PROBLEM TO WORK ON
Copy each record exactly and skip its pictures.

DATA FOR REVIEW
+ + + +

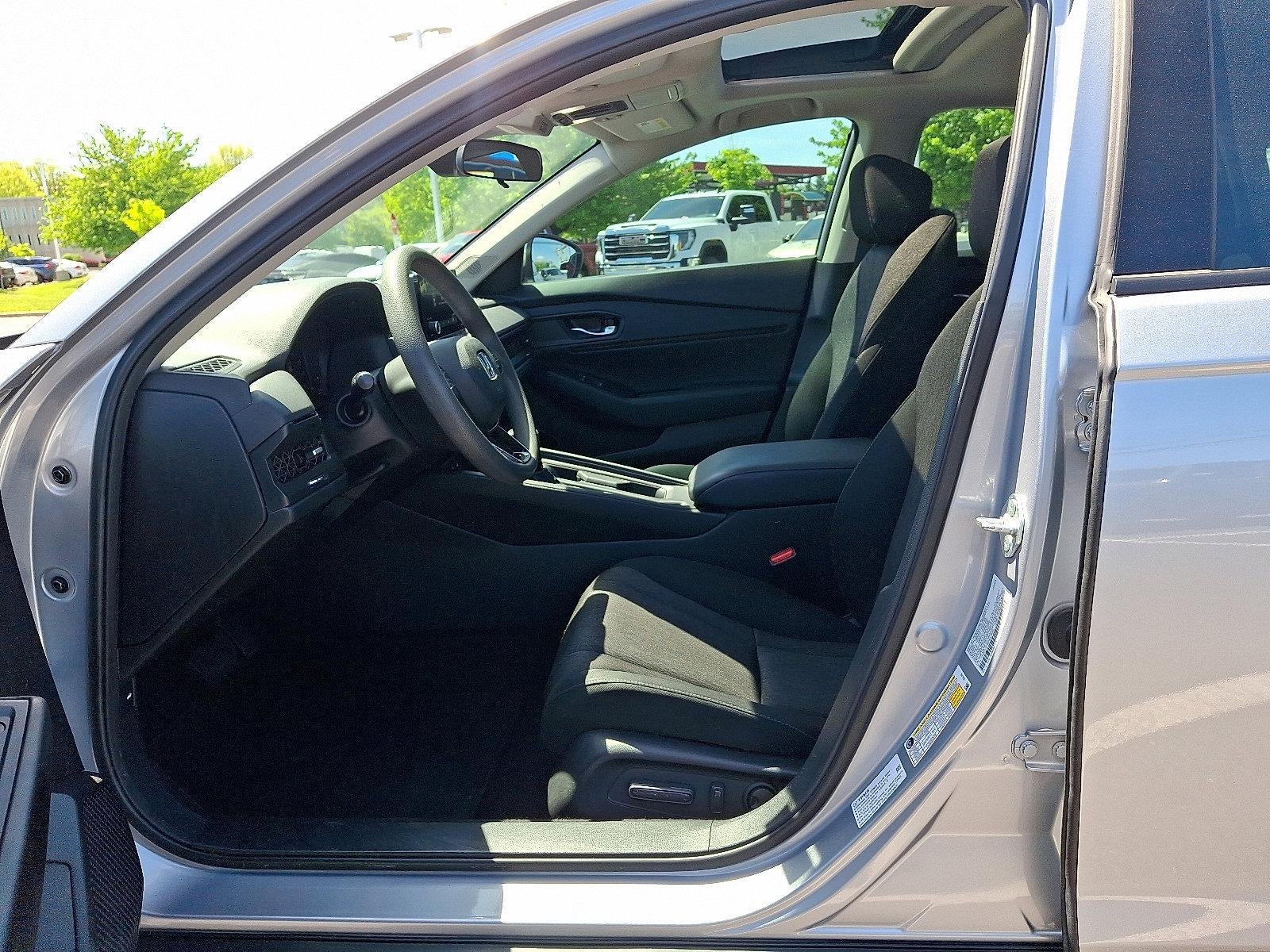 2023 Honda Accord Sedan EX CVT w/o BSI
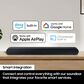 Samsung 65" Class QN70H Series Neo QLED Mini LED 4K UHD Vision AI - Smart Tizen TV with S-Series 5.0 Channel Soundbar in Titan Gray and Black, , large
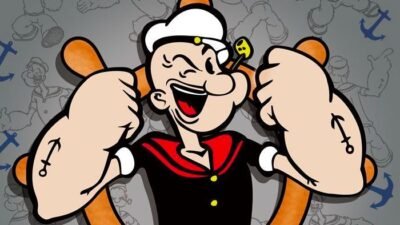 "Ingat Popeye si pelaut? Selain dia, ada Olive Oyl, perempuan ikonik yang mandiri. Yuk bernostalgia dengan 5 karakter unik kartun legendaris ini. "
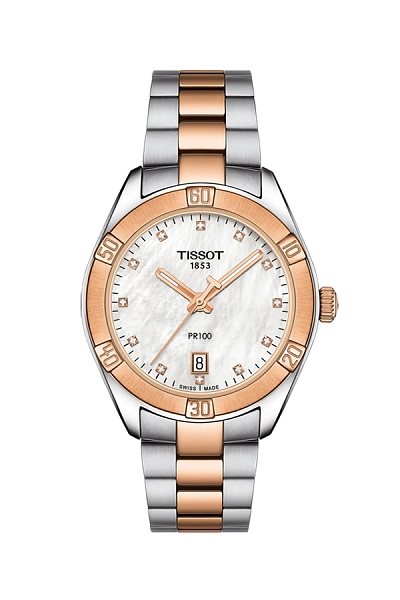 Tissot PR 100 Lady Sport T101.910.22.116.00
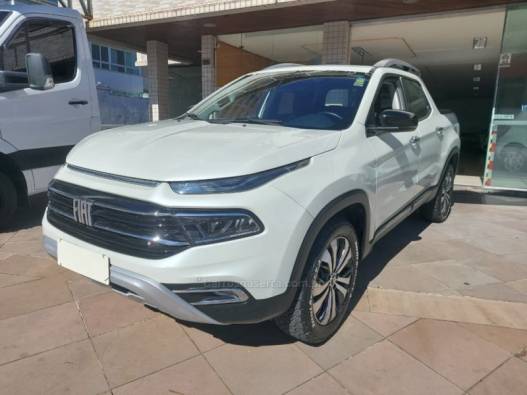 FIAT - TORO - 2023/2023 - Branca - R$ 134.900,00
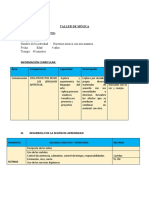 Talleres Ed. Inicial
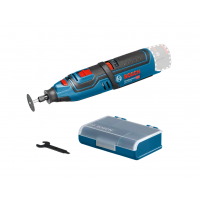 BOSCH GRO 12V-35 tiesinis šlifuoklis SOLO CT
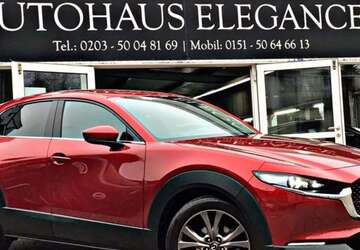 Mazda CX-3 62.000 km 20.990 &euro; Duisburg 47178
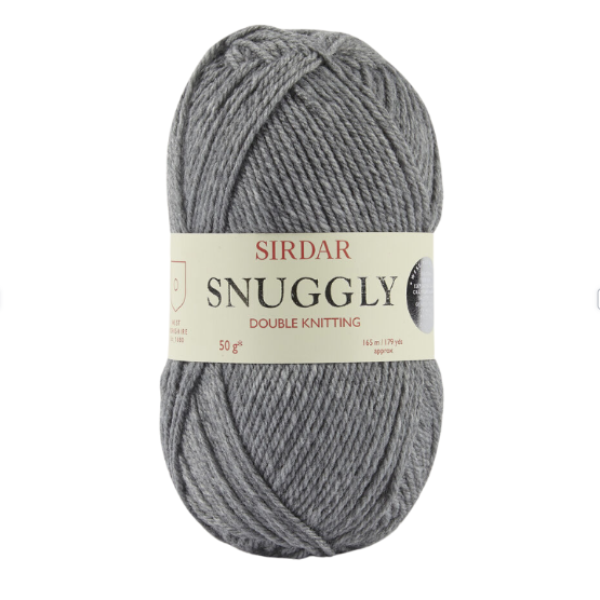 Sirdar Snuggly 8 ply DK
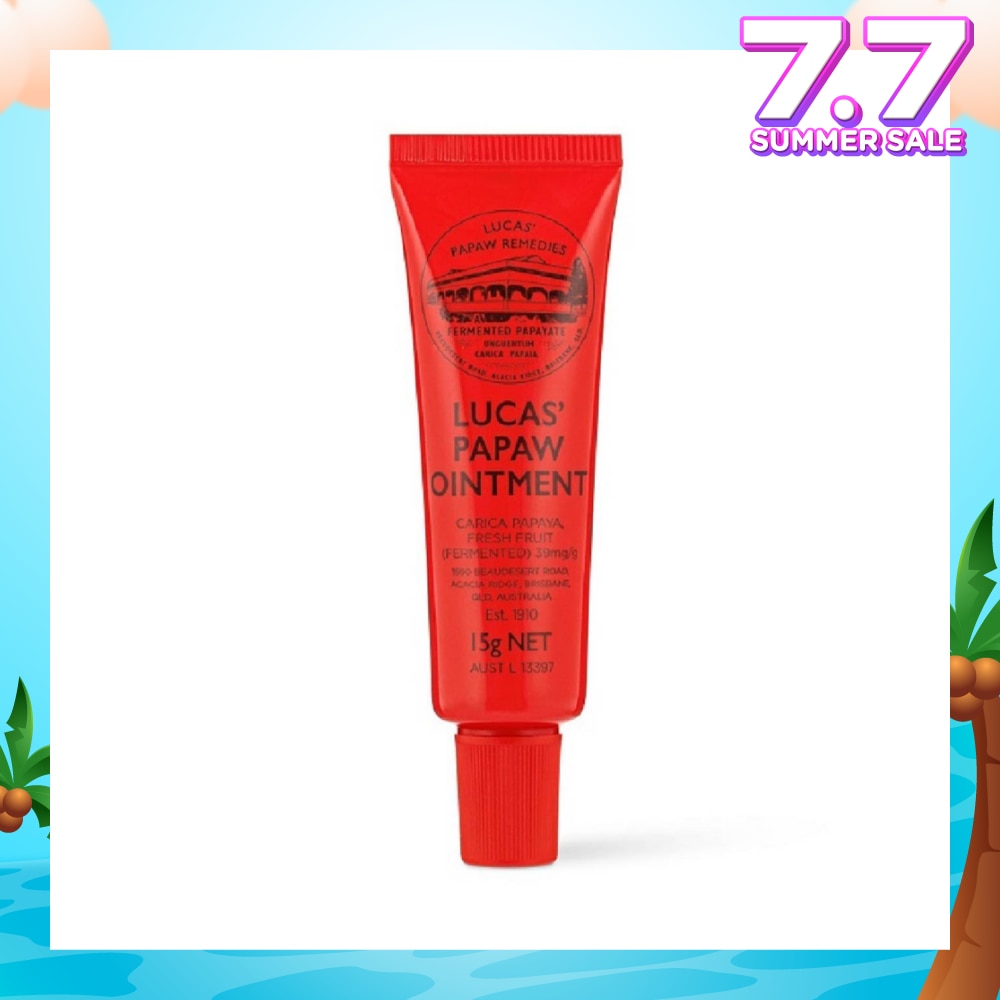 Ointment Lip Applicator 15g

+ + + +

THE ANSWER
 2023 Honda Accord Sedan EX CVT w/o BSI
 Samsung 65" Class QN70H Series Neo QLED Mini LED 4K UHD Vision AI - Smart Tizen TV with S-Series 5.0 Channel Soundbar in Titan Gray and Black, , large
 "Ingat Popeye si pelaut? Selain dia, ada Olive Oyl, perempuan ikonik yang mandiri. Yuk bernostalgia dengan 5 karakter unik kartun legendaris ini. "
 Tissot PR 100 Lady Sport T101.910.22.116.00
 FIAT - TORO - 2023/2023 - Branca - R$ 134.900,00
 Talleres Ed. Inicial
 BOSCH GRO 12V-35 tiesinis šlifuoklis SOLO CT
 Mazda CX-3 62.000 km 20.990 &euro; Duisburg 47178
 Sirdar Snuggly 8 ply DK
 Ointment Lip Applicator 15g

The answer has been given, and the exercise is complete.